* _Exercise directions_: A faithful copy is needed of the lines below from the one with "Additional checks include" up to and including the one with "In this series, we'll"; set it down with no pictures and no other lines.

* _Recorded information_:
******
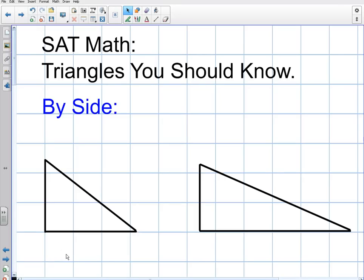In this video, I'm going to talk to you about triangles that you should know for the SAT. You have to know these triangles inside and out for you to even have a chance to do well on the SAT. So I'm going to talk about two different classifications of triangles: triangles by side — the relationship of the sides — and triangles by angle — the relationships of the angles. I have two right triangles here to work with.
******
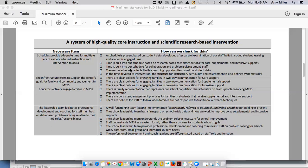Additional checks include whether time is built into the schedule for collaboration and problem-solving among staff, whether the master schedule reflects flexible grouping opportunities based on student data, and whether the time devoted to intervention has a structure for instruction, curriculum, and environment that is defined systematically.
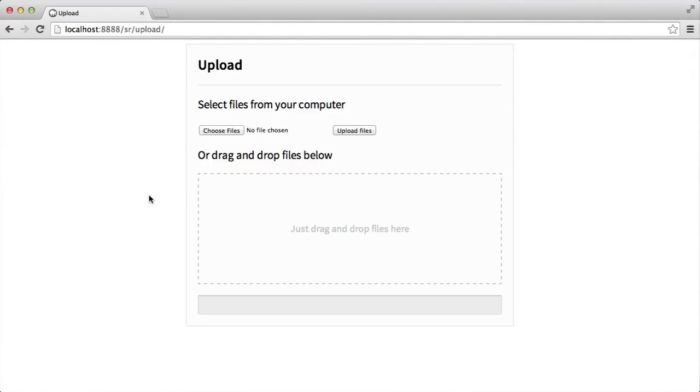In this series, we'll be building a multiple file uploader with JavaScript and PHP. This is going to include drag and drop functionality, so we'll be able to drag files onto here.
******
* _Solution for this exercise_:
Additional checks include whether time is built into the schedule for collaboration and problem-solving among staff, whether the master schedule reflects flexible grouping opportunities based on student data, and whether the time devoted to intervention has a structure for instruction, curriculum, and environment that is defined systematically.
In this series, we'll be building a multiple file uploader with JavaScript and PHP. This is going to include drag and drop functionality, so we'll be able to drag files onto here.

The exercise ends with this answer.